Local firms admit to inadequate data protection
While data security remains a top concern among company decision-makers, over a quarter of local organisations admit to only having a partially defined data protection strategy in place.
This is according to an online Data Protection Survey conducted by ITWeb and Puleng Technologies, in partnership with Dell EMC.
The respondents were largely IT professionals and senior executives from a variety South African public and private sector organisations.
According to the survey, only 41% of respondents said they were satisfied that their backup data is adequately protected from malware or ransomware attacks.
Cyber attacks have increased in frequency, severity and sophistication, therefore adequate data protection is needed wherever data resides within an organisation - and this applies to all areas across the business.

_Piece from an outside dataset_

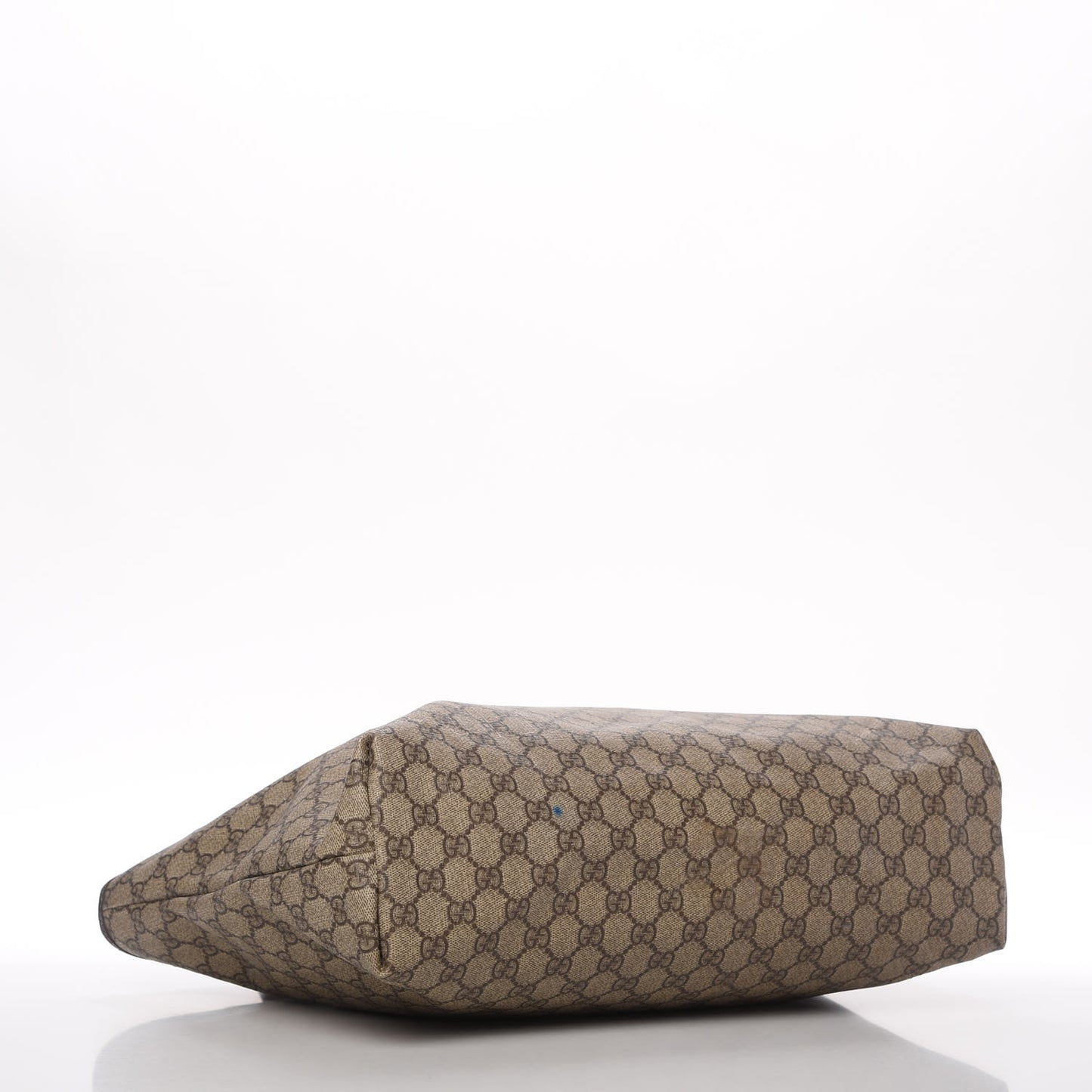 GG Supreme Monogram Medium Zippered Shopping Tote Dark Brown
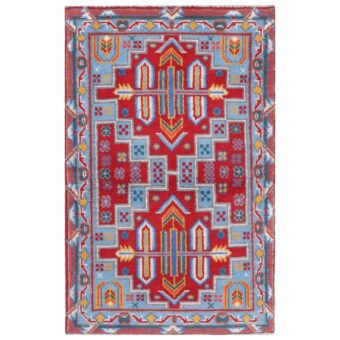 Afghan Hand-knotted Kargahi Wool Rug (2'6 x 4')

According to a report by the Ponemon Institute, South African organisations are more exposed to data breach incidents than their counterparts across the globe, having scored the highest probability of experiencing a data breach in the next 24 months.
While over half of the survey respondents (57%) do have a defined data protection strategy in place, more than a third (35%) said they were unsure if their data protection strategy met industry compliance regulations such as the Protection of Personal Information Act (POPIA) and the General Data Protection Regulation (GDPR), which comes into effect from 25 May 2018. Furthermore around 28% said they do not have aclearly defined archiving strategy that deals with compliance and cost containment.
POPI and GDPR are new regulations that will significantly impact how security operators can collect, use, store, update, retrieve, use; disseminate data by means of transmission, distribution or making it available in any other form. Apart from reputational costs, there will be fines of up to R10 million for firms that don't comply with POPI.
Experts point out that not only will individuals and organisations benefit through data privacy legislation but the regulations are also important for international trade, as concerns around information privacy can create barriers to trading beyond the country's borders.
Another 48% of respondents said they currently support their data protection environment through in-house skills, while 30% use a blended delivery which consists of both vendor and in-house, with 5% opting to fully outsource.
When it comes to the type of applications their organisations are moving to the cloud versus keeping their data on the premises, 28% of respondents are using software-as-a service, while 23% said they are focusing on only moving back office applications. Sixteen percent reported that they have no intention to migrate to the cloud, while 13% said they prefer to move only mission critical data to the cloud.
Mark Baatjies, executive account manager at Puleng Technolgies, explains: "Considering that business is innovating and bringing new services to the market faster than ever before through agile methodologies, a simplified and modernised data protection strategy enables the business to adopt new applications and move to the cloud (or beyond) knowing that its data is secure and recoverable."
Research firm International Data Corporation (IDC) predicts worldwide spending on public cloud services and infrastructure is forecast to reach $160 billion in 2018, an increase of 23.2% over 2017.
When asked if data sovereignty is a key concern when it comes to their cloud adoption strategy, over half (54%) answered yes, and 24% answered no.
In terms of their expected data growth over the next 12 months, 13% of companies surveyed are expecting it to double. A further 37% said they expect a 25% increase in data and around 40% said they expect their data volumes to increase by 50%.
In order to control the cost of data protection, almost a half of respondents are considering using managed services or backup-as-a-service, while almost 40% are in favour of using utility based pricing (pay as you go).
According to Baatjies, backup solutions are expensive, so he advises that maximising on their output is imperative.